### Dataset extract
● ● ● ●

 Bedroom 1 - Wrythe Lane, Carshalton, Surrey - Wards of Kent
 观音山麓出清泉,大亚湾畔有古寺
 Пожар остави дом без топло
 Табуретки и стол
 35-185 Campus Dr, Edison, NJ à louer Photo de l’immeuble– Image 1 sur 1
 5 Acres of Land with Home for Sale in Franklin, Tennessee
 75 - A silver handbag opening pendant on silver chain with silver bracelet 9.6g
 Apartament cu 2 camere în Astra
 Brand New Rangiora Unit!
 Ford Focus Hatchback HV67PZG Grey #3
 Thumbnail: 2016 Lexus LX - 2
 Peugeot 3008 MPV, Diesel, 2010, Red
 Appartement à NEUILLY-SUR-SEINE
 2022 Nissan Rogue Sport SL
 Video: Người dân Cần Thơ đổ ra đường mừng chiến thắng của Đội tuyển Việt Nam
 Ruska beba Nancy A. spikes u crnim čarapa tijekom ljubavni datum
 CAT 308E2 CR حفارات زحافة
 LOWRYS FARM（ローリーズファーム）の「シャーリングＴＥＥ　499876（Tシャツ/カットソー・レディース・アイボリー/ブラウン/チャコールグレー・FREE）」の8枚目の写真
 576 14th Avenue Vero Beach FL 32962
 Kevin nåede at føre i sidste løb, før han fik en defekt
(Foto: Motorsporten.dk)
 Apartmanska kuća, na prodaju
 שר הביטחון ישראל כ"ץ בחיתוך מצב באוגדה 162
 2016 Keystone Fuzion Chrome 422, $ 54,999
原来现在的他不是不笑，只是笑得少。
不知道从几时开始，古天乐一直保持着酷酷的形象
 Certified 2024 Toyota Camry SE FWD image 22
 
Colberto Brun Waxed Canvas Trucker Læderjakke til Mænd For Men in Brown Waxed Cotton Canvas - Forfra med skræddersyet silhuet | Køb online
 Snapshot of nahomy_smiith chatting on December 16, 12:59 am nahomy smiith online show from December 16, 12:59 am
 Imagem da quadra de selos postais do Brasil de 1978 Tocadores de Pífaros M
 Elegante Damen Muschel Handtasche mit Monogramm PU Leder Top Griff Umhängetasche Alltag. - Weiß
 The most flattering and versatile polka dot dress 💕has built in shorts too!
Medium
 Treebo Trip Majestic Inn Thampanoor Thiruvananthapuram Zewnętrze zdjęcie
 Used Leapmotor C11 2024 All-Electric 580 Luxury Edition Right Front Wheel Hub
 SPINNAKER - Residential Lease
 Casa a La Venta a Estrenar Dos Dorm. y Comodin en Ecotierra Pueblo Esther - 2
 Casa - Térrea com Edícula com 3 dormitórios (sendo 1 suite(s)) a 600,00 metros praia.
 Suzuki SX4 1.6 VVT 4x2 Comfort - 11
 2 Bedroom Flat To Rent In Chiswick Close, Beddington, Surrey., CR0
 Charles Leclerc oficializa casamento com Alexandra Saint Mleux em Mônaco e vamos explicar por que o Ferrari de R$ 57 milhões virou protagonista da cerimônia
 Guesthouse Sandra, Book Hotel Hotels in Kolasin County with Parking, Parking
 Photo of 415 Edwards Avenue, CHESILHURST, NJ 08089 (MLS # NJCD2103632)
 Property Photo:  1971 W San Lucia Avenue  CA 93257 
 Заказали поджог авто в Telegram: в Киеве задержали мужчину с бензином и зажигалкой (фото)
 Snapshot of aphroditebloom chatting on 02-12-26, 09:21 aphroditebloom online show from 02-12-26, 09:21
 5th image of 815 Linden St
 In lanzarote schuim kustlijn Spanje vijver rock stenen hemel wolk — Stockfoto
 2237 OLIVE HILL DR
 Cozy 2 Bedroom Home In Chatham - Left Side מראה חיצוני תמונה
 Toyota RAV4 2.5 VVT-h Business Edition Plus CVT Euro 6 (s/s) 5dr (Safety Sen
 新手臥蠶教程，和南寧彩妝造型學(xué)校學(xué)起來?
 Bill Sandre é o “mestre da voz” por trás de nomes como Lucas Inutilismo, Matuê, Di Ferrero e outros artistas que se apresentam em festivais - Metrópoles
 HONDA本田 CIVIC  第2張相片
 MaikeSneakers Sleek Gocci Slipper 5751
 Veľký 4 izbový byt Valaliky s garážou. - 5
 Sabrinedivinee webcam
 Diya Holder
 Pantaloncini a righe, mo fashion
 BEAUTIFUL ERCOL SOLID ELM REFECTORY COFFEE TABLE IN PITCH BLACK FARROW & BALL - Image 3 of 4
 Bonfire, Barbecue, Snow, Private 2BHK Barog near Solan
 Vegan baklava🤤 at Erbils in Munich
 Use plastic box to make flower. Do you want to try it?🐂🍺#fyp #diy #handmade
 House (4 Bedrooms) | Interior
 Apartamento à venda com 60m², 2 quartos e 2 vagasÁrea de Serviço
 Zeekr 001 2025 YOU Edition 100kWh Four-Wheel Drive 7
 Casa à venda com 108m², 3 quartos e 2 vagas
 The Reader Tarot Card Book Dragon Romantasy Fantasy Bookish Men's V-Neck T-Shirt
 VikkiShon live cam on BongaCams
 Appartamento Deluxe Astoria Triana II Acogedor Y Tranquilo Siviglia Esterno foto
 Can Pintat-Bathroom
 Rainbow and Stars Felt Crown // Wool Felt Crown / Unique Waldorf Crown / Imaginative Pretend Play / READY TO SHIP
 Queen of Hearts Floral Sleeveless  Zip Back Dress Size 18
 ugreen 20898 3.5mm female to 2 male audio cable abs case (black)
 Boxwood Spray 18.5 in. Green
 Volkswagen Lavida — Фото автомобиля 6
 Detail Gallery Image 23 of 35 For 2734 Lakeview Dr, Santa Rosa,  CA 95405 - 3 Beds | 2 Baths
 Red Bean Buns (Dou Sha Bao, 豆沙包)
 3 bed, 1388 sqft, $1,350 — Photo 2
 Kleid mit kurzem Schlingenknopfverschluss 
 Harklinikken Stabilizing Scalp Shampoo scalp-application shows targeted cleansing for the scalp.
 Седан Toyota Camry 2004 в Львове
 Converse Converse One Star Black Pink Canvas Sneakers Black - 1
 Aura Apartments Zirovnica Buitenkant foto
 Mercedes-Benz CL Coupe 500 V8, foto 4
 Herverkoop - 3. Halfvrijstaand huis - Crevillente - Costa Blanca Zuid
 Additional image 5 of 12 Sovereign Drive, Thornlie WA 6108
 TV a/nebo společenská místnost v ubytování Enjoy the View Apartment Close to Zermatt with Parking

● ● ● ●

### Exercise description
Reproduce the data exactly, character for character.

### Task solution
 Bedroom 1 - Wrythe Lane, Carshalton, Surrey - Wards of Kent
 观音山麓出清泉,大亚湾畔有古寺
 Пожар остави дом без топло
 Табуретки и стол
 35-185 Campus Dr, Edison, NJ à louer Photo de l’immeuble– Image 1 sur 1
 5 Acres of Land with Home for Sale in Franklin, Tennessee
 75 - A silver handbag opening pendant on silver chain with silver bracelet 9.6g
 Apartament cu 2 camere în Astra
 Brand New Rangiora Unit!
 Ford Focus Hatchback HV67PZG Grey #3
 Thumbnail: 2016 Lexus LX - 2
 Peugeot 3008 MPV, Diesel, 2010, Red
 Appartement à NEUILLY-SUR-SEINE
 2022 Nissan Rogue Sport SL
 Video: Người dân Cần Thơ đổ ra đường mừng chiến thắng của Đội tuyển Việt Nam
 Ruska beba Nancy A. spikes u crnim čarapa tijekom ljubavni datum
 CAT 308E2 CR حفارات زحافة
 LOWRYS FARM（ローリーズファーム）の「シャーリングＴＥＥ　499876（Tシャツ/カットソー・レディース・アイボリー/ブラウン/チャコールグレー・FREE）」の8枚目の写真
 576 14th Avenue Vero Beach FL 32962
 Kevin nåede at føre i sidste løb, før han fik en defekt
(Foto: Motorsporten.dk)
 Apartmanska kuća, na prodaju
 שר הביטחון ישראל כ"ץ בחיתוך מצב באוגדה 162
 2016 Keystone Fuzion Chrome 422, $ 54,999
原来现在的他不是不笑，只是笑得少。
不知道从几时开始，古天乐一直保持着酷酷的形象
 Certified 2024 Toyota Camry SE FWD image 22
 
Colberto Brun Waxed Canvas Trucker Læderjakke til Mænd For Men in Brown Waxed Cotton Canvas - Forfra med skræddersyet silhuet | Køb online
 Snapshot of nahomy_smiith chatting on December 16, 12:59 am nahomy smiith online show from December 16, 12:59 am
 Imagem da quadra de selos postais do Brasil de 1978 Tocadores de Pífaros M
 Elegante Damen Muschel Handtasche mit Monogramm PU Leder Top Griff Umhängetasche Alltag. - Weiß
 The most flattering and versatile polka dot dress 💕has built in shorts too!
Medium
 Treebo Trip Majestic Inn Thampanoor Thiruvananthapuram Zewnętrze zdjęcie
 Used Leapmotor C11 2024 All-Electric 580 Luxury Edition Right Front Wheel Hub
 SPINNAKER - Residential Lease
 Casa a La Venta a Estrenar Dos Dorm. y Comodin en Ecotierra Pueblo Esther - 2
 Casa - Térrea com Edícula com 3 dormitórios (sendo 1 suite(s)) a 600,00 metros praia.
 Suzuki SX4 1.6 VVT 4x2 Comfort - 11
 2 Bedroom Flat To Rent In Chiswick Close, Beddington, Surrey., CR0
 Charles Leclerc oficializa casamento com Alexandra Saint Mleux em Mônaco e vamos explicar por que o Ferrari de R$ 57 milhões virou protagonista da cerimônia
 Guesthouse Sandra, Book Hotel Hotels in Kolasin County with Parking, Parking
 Photo of 415 Edwards Avenue, CHESILHURST, NJ 08089 (MLS # NJCD2103632)
 Property Photo:  1971 W San Lucia Avenue  CA 93257 
 Заказали поджог авто в Telegram: в Киеве задержали мужчину с бензином и зажигалкой (фото)
 Snapshot of aphroditebloom chatting on 02-12-26, 09:21 aphroditebloom online show from 02-12-26, 09:21
 5th image of 815 Linden St
 In lanzarote schuim kustlijn Spanje vijver rock stenen hemel wolk — Stockfoto
 2237 OLIVE HILL DR
 Cozy 2 Bedroom Home In Chatham - Left Side מראה חיצוני תמונה
 Toyota RAV4 2.5 VVT-h Business Edition Plus CVT Euro 6 (s/s) 5dr (Safety Sen
 新手臥蠶教程，和南寧彩妝造型學(xué)校學(xué)起來?
 Bill Sandre é o “mestre da voz” por trás de nomes como Lucas Inutilismo, Matuê, Di Ferrero e outros artistas que se apresentam em festivais - Metrópoles
 HONDA本田 CIVIC  第2張相片
 MaikeSneakers Sleek Gocci Slipper 5751
 Veľký 4 izbový byt Valaliky s garážou. - 5
 Sabrinedivinee webcam
 Diya Holder
 Pantaloncini a righe, mo fashion
 BEAUTIFUL ERCOL SOLID ELM REFECTORY COFFEE TABLE IN PITCH BLACK FARROW & BALL - Image 3 of 4
 Bonfire, Barbecue, Snow, Private 2BHK Barog near Solan
 Vegan baklava🤤 at Erbils in Munich
 Use plastic box to make flower. Do you want to try it?🐂🍺#fyp #diy #handmade
 House (4 Bedrooms) | Interior
 Apartamento à venda com 60m², 2 quartos e 2 vagasÁrea de Serviço
 Zeekr 001 2025 YOU Edition 100kWh Four-Wheel Drive 7
 Casa à venda com 108m², 3 quartos e 2 vagas
 The Reader Tarot Card Book Dragon Romantasy Fantasy Bookish Men's V-Neck T-Shirt
 VikkiShon live cam on BongaCams
 Appartamento Deluxe Astoria Triana II Acogedor Y Tranquilo Siviglia Esterno foto
 Can Pintat-Bathroom
 Rainbow and Stars Felt Crown // Wool Felt Crown / Unique Waldorf Crown / Imaginative Pretend Play / READY TO SHIP
 Queen of Hearts Floral Sleeveless  Zip Back Dress Size 18
 ugreen 20898 3.5mm female to 2 male audio cable abs case (black)
 Boxwood Spray 18.5 in. Green
 Volkswagen Lavida — Фото автомобиля 6
 Detail Gallery Image 23 of 35 For 2734 Lakeview Dr, Santa Rosa,  CA 95405 - 3 Beds | 2 Baths
 Red Bean Buns (Dou Sha Bao, 豆沙包)
 3 bed, 1388 sqft, $1,350 — Photo 2
 Kleid mit kurzem Schlingenknopfverschluss 
 Harklinikken Stabilizing Scalp Shampoo scalp-application shows targeted cleansing for the scalp.
 Седан Toyota Camry 2004 в Львове
 Converse Converse One Star Black Pink Canvas Sneakers Black - 1
 Aura Apartments Zirovnica Buitenkant foto
 Mercedes-Benz CL Coupe 500 V8, foto 4
 Herverkoop - 3. Halfvrijstaand huis - Crevillente - Costa Blanca Zuid
 Additional image 5 of 12 Sovereign Drive, Thornlie WA 6108
 TV a/nebo společenská místnost v ubytování Enjoy the View Apartment Close to Zermatt with Parking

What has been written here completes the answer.